=== Input records ===

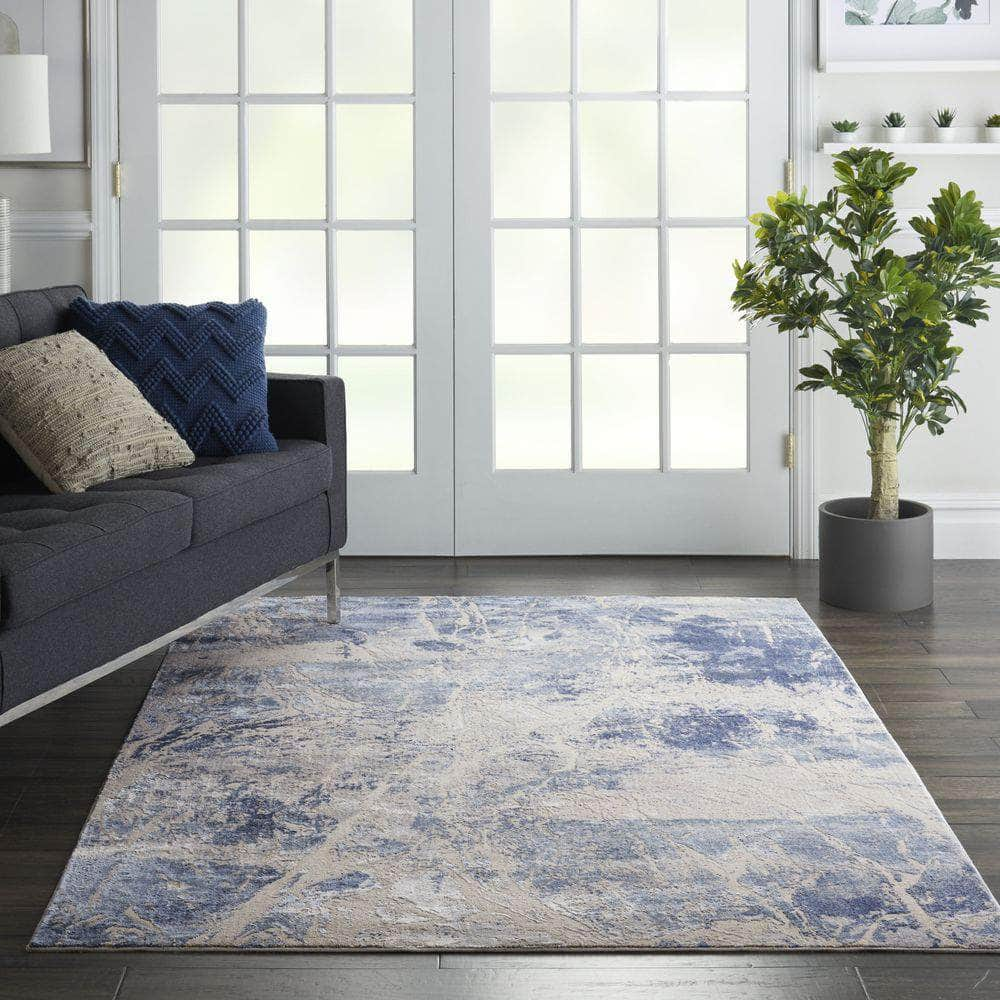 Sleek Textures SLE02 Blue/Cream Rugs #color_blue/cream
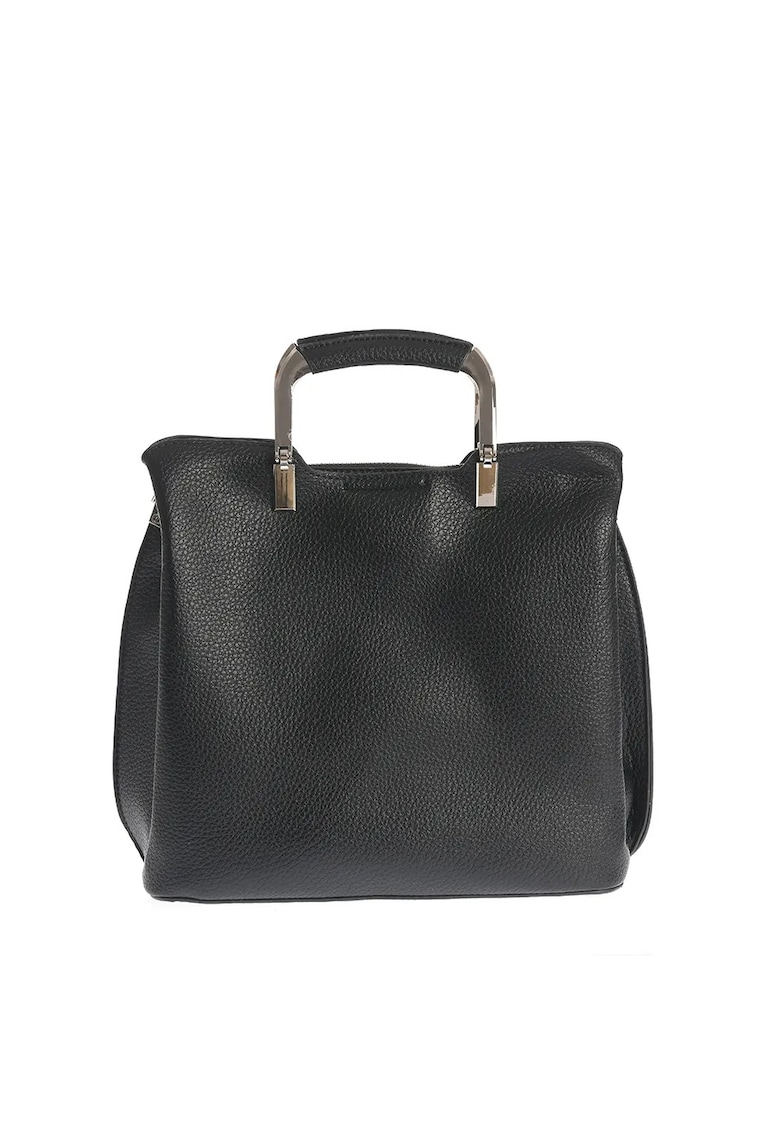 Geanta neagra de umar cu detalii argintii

===
=== Input records ===

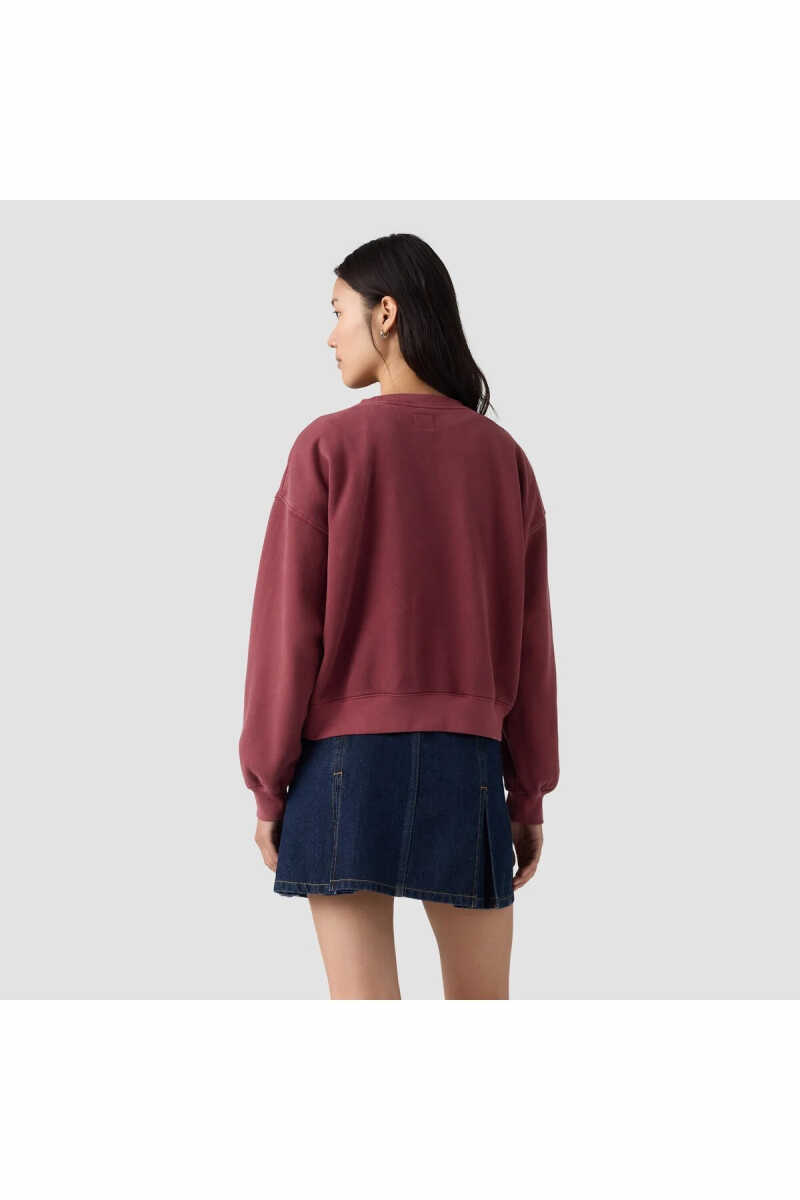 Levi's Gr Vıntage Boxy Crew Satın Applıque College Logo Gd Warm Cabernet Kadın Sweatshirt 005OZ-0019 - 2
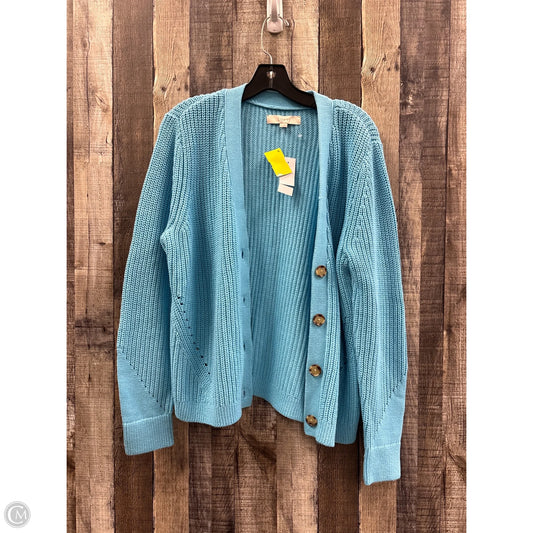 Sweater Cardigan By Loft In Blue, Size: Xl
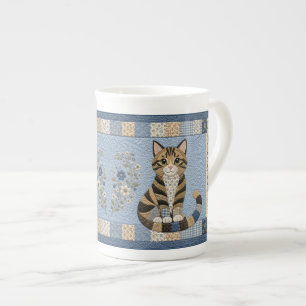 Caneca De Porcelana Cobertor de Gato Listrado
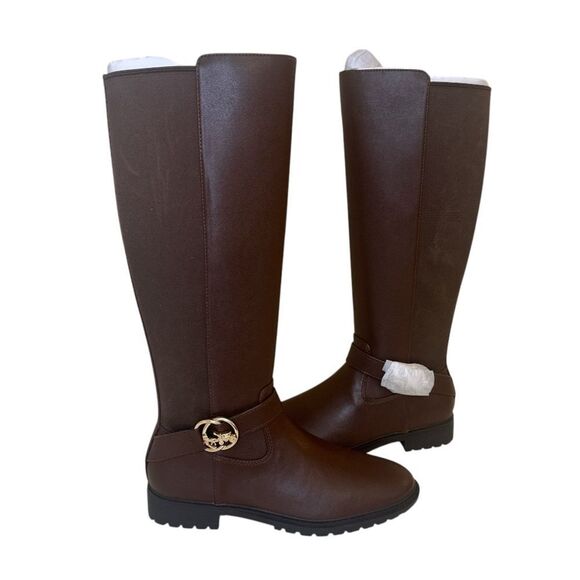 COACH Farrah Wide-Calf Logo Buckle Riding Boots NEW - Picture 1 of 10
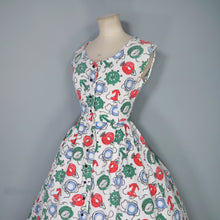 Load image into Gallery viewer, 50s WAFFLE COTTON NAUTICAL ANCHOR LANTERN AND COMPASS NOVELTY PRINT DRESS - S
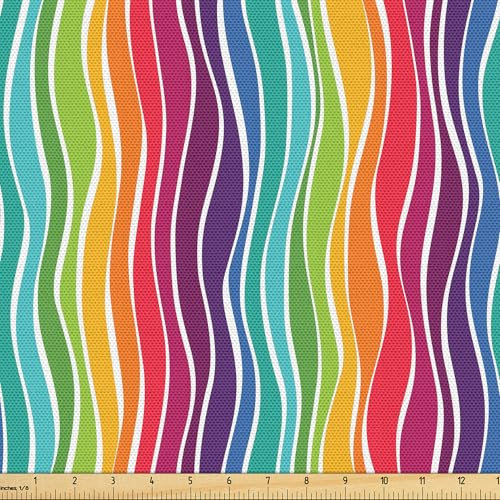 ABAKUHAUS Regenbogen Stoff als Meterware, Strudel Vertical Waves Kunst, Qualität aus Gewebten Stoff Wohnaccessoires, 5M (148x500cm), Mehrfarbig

===

What you will do: What are the lines above from the one with "Sleek Textures SLE02" to the one with "Geanta neagra de umar cu detalii argintii", both included? Reproduce them exactly, without pictures.

Answer for the task:
 Sleek Textures SLE02 Blue/Cream Rugs #color_blue/cream
 Geanta neagra de umar cu detalii argintii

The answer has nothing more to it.